***** Records for processing *****

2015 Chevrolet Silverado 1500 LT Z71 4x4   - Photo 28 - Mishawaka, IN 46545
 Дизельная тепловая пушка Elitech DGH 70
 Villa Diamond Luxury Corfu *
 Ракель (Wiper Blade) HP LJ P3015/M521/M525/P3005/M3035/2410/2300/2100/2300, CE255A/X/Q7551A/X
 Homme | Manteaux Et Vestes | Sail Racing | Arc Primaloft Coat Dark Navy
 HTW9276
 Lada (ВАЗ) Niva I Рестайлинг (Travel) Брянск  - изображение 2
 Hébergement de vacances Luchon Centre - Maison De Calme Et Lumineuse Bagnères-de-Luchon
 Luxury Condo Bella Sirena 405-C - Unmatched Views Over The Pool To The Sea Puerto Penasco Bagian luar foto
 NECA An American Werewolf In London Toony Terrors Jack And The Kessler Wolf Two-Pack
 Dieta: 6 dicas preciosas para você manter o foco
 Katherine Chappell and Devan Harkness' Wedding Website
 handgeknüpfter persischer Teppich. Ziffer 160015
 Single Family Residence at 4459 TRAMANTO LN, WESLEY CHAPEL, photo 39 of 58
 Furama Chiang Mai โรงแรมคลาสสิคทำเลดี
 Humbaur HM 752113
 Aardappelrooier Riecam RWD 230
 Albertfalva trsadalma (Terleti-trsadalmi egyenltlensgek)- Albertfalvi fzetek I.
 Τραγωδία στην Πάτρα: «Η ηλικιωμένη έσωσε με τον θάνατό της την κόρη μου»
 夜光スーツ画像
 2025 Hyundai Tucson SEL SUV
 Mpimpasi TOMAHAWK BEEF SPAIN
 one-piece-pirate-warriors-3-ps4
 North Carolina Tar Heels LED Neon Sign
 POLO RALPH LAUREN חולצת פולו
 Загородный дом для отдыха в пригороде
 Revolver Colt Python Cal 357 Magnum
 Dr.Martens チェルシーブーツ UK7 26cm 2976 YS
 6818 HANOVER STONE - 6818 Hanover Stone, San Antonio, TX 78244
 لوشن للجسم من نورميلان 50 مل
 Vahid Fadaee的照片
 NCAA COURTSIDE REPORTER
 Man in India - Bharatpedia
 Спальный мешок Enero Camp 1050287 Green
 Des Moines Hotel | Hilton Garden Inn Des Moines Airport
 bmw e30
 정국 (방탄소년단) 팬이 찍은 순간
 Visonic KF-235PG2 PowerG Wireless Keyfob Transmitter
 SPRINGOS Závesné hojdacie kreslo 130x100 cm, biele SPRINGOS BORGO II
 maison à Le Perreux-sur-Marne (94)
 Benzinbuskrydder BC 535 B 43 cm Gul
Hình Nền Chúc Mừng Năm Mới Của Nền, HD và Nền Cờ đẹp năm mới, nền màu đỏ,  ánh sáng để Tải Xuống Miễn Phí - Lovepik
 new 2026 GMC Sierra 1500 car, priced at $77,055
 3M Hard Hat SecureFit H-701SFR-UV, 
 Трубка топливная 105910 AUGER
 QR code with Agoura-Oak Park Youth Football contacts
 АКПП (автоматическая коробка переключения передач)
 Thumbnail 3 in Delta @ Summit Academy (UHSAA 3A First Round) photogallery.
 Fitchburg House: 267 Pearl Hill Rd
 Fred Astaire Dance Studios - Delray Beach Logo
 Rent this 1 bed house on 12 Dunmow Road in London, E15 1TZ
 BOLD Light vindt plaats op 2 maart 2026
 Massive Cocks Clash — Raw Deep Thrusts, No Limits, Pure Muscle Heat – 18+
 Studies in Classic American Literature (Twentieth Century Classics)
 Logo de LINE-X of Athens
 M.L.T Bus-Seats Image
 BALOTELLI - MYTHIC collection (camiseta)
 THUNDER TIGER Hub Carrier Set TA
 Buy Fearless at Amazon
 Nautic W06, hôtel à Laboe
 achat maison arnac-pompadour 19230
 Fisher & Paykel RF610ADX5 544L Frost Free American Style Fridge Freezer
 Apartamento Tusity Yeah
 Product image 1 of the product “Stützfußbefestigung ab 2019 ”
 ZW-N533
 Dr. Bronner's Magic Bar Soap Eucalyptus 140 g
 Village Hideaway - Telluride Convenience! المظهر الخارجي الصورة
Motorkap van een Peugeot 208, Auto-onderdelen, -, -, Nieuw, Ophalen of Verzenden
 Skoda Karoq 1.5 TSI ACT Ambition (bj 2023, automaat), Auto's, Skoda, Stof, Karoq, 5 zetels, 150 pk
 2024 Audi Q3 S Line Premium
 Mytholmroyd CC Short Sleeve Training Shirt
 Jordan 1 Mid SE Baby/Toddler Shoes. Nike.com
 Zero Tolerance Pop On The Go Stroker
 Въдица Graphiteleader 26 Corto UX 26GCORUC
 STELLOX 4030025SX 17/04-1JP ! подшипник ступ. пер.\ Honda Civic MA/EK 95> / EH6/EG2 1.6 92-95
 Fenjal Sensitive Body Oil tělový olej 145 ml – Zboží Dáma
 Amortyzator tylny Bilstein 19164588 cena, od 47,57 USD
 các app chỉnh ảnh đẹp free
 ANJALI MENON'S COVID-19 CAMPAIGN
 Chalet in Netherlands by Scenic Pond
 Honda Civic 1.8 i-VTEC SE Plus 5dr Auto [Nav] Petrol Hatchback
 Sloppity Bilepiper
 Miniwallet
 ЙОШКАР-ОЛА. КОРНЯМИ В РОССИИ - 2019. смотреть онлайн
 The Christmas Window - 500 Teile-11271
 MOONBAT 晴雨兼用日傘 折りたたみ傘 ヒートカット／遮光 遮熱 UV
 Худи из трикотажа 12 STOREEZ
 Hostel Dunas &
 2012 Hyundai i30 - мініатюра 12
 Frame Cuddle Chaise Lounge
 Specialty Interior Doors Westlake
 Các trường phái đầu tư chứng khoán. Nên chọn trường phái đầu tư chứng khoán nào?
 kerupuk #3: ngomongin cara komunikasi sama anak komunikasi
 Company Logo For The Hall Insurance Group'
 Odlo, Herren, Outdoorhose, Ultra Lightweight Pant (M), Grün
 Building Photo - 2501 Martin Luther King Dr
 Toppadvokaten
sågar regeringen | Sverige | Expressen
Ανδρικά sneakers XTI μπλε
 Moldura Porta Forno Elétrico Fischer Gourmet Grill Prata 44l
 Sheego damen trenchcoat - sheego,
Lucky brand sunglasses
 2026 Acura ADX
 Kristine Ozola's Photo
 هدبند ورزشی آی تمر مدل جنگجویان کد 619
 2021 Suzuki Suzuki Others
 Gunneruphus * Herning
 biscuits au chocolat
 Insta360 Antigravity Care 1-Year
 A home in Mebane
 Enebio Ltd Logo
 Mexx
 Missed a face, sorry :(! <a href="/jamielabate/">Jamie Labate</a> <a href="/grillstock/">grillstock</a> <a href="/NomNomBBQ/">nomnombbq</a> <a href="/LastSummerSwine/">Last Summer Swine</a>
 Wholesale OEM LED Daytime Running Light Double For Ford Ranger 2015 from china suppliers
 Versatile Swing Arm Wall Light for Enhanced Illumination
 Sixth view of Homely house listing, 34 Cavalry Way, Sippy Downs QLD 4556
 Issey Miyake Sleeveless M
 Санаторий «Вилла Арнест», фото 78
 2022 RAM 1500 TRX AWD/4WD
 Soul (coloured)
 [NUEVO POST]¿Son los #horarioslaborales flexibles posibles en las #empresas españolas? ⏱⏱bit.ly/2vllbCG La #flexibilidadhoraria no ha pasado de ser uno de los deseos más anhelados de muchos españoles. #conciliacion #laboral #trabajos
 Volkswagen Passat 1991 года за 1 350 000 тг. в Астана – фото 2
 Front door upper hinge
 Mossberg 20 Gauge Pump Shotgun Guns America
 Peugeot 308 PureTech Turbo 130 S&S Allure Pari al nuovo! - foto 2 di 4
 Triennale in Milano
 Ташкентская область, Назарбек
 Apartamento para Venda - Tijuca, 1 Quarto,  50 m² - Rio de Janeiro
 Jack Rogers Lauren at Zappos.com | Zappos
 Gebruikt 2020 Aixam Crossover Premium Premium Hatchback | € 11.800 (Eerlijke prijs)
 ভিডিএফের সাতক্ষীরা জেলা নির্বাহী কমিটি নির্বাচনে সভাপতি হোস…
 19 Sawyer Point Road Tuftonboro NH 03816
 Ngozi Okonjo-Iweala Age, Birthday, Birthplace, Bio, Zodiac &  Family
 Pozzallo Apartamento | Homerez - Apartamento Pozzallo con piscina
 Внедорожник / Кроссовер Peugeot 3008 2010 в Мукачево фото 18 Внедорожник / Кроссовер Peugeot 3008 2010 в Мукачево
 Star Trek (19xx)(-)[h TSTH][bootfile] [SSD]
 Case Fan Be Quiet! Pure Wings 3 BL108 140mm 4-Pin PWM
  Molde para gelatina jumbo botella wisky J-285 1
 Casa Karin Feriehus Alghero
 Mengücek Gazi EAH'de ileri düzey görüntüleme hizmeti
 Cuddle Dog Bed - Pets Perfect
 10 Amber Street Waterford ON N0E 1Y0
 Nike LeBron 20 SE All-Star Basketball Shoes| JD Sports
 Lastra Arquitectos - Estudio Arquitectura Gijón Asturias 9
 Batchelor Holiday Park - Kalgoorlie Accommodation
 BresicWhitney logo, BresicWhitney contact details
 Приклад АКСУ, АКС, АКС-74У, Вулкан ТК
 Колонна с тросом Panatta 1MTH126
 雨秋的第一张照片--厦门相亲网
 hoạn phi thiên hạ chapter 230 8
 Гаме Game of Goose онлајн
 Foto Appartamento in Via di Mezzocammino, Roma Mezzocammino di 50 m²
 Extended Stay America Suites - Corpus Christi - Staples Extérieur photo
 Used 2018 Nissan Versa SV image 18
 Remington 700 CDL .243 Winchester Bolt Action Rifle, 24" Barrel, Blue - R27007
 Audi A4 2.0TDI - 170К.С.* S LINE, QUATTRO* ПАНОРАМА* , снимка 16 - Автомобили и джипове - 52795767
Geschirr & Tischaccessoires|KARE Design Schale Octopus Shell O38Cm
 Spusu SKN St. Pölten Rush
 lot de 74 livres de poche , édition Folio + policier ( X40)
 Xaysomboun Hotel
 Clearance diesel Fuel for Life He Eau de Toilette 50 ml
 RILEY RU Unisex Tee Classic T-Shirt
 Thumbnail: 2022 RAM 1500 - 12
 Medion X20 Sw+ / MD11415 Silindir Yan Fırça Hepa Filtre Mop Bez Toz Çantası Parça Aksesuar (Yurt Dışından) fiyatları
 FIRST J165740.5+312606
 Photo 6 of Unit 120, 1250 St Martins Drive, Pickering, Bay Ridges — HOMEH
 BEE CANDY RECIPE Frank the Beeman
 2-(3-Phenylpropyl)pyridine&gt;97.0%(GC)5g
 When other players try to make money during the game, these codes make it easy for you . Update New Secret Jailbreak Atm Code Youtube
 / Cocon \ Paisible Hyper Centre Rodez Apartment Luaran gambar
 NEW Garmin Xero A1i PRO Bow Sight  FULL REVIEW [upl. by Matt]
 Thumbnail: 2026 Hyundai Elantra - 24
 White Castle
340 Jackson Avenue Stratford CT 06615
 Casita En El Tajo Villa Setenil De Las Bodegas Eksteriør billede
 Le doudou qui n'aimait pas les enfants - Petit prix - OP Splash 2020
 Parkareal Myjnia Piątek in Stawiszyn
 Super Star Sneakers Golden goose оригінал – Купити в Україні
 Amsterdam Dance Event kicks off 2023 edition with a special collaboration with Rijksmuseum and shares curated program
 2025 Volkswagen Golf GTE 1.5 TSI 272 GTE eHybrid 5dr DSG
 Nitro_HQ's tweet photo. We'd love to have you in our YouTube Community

*****

■ Task instructions
Set down precisely the lines above between the line holding "Product image 1" and the line holding "Motorkap van een", inclusive, and nothing beyond them.

■ Answer to this task
 Product image 1 of the product “Stützfußbefestigung ab 2019 ”
 ZW-N533
 Dr. Bronner's Magic Bar Soap Eucalyptus 140 g
 Village Hideaway - Telluride Convenience! المظهر الخارجي الصورة
Motorkap van een Peugeot 208, Auto-onderdelen, -, -, Nieuw, Ophalen of Verzenden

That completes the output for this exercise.